University of Lille
Octobre 2020 à Juin 2021
After a PhD in sociology of international relations at Sciences Po Paris in 2006, Isabelle Bruno was joined the following year the University of Lille as an associate professor in political science and the Lille Center for European Research on Administration, Politics and Society (CERAPS, UMR CNRS-UdL). After studying benchmarking as a technique for intergovernmental coordination within the European Union, she explored its genealogy during a research stay at Cornell University (2010) and then extended her work to the sociology of quantification and the activist uses of statistics ("statactivism"). Since 2014, she has been conducting a new cycle of research on socio-spatial and socio-environmental inequalities, which she is addressing through the study of conflicts over coastal appropriation . After an initial research with sociologist Gregory Salle on the Pampelonne Bay in the Saint-Tropez peninsula, she was invited to UC Berkeley to conduct a study on California's coastal access policies, funded by a Fulbright scholarship (2017). It was on this occasion that she discovered the "Martin's Beach case", about which she is currently writing her thesis for an accreditation to supervise research.

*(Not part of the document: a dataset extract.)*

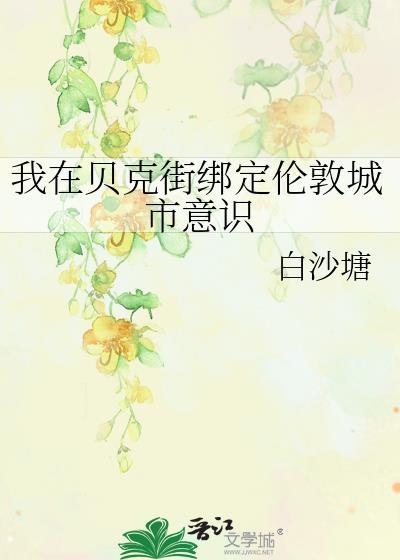 我在贝克街绑定伦敦城市意识白沙塘TXT百度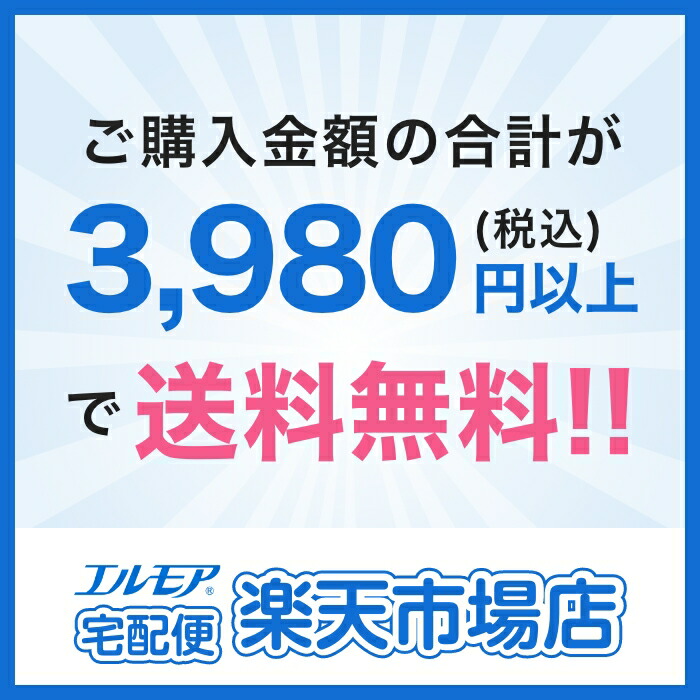 楽天市場】エルモア エルモアいちばん フラットタイプ 病院/施設用 30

Who owns beaches when sea level rises?
A comparative sociology of conflicts over beach appropriation and coastal management (France, Italy, Mexico, New Zealand, USA)
From Peru to Australia, South Africa to North Carolina, Brazil and Lebanon, conflicts over beach appropriation have multiplied over the past two decades. Though the configurations vary, the social conditions of beach access are always involved—i.e. the disparity between the principle of free access to a public space supposedly open to all and the reality of the material and symbolic barriers that turn it into an exclusive ownership. However, this tension tends to increase as a result of two sources of pressure. On the one hand, there is a growing demographic flow towards the coastline worldwide, and all available indicators suggest that this is likely to intensify. On the other hand, there is coastal erosion, and as it worsens under the combined effect of economic exploitation and global warming, this causes sandy beaches to narrow or even disappear. The physical scarcity of these already highly coveted areas only exacerbates social competition to occupy, exploit or even own them.
From this perspective, this research aims to provide a better understanding of the many conflicts over beach appropriation and their effects on the property regimes specific to seashores. By examining the hypothesis of a contemporary enclosure trend that is limiting beach access rights, it explores not only the material and symbolic manifestations of a global process of private appropriation, but also the resulting social conflicts and, by extension, the memory and identity issues associated with coastal territory. This will shed new light on the relationship between proprietary forms, access to vulnerable natural spaces and socio-spatial inequalities.